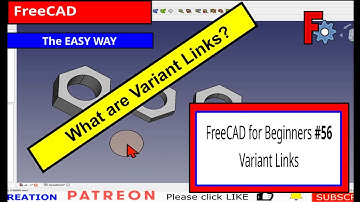 FreeCAD for Beginners #56 Variant Links #freecad #cad #makers #design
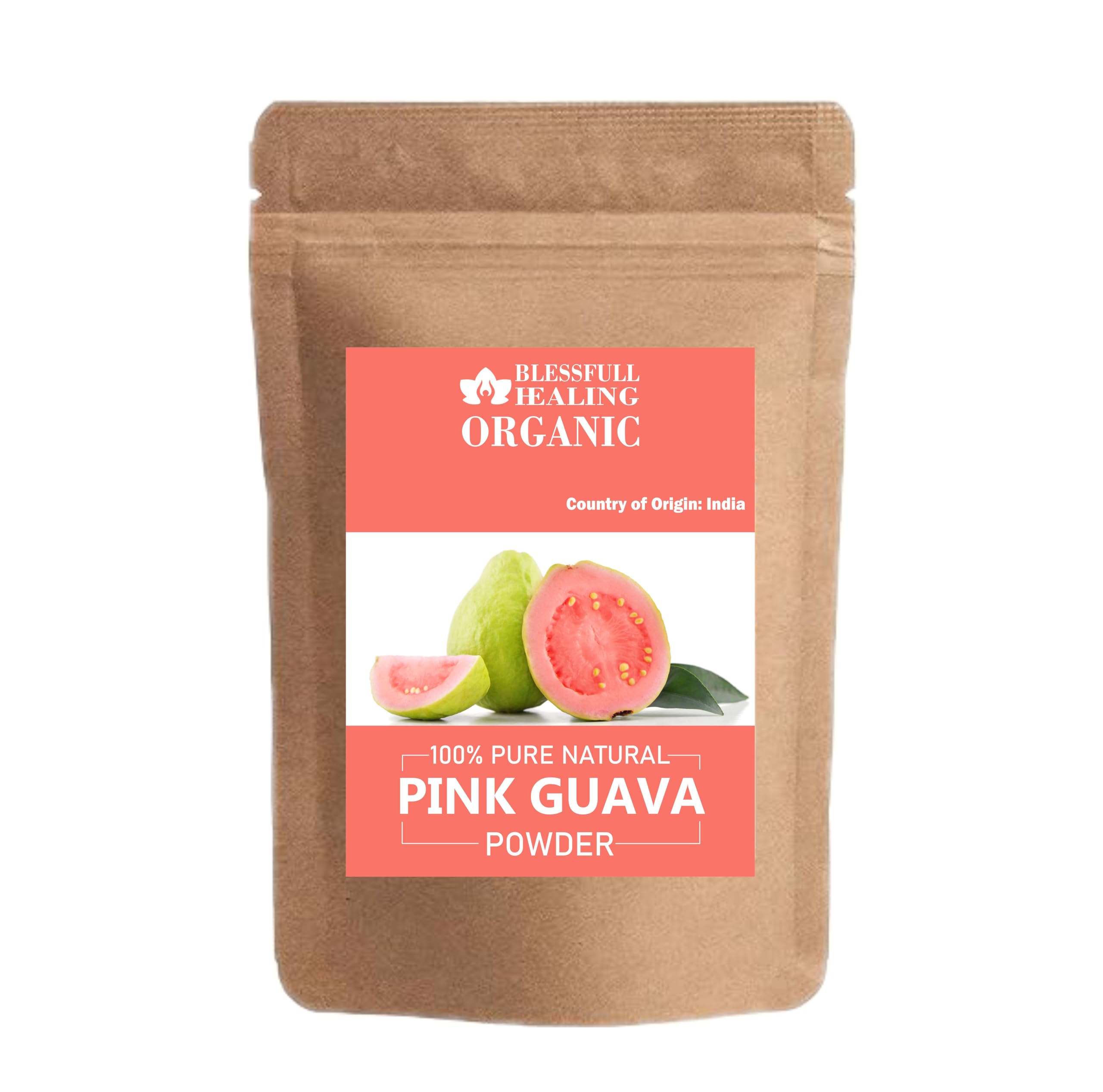 Blessfull Healing Organic Pink Guava Powder 100 g packaging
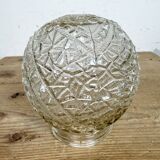 Vintage Cut Glass Chandelier from Kamenický Šenov, 1960s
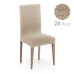 Stoleovertræk Eysa ROC Beige 50 x 60 x 50 cm 2 enheder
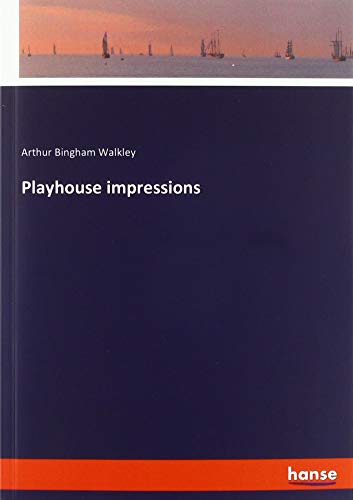Beispielbild fr Playhouse impressions zum Verkauf von Buchpark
+-------+
TASK STATEMENT:
Although the records contain pictures, the output must hold only their exact wording.

EXERCISE RESULT:
 FreeCAD for Beginners #56 Variant Links #freecad #cad #makers #design
 Blessfull Healing Organic Pink Guava Powder 100 g packaging
 Vintage Cut Glass Chandelier from Kamenický Šenov, 1960s
 Stoleovertræk Eysa ROC Beige 50 x 60 x 50 cm 2 enheder
Beispielbild fr Playhouse impressions zum Verkauf von Buchpark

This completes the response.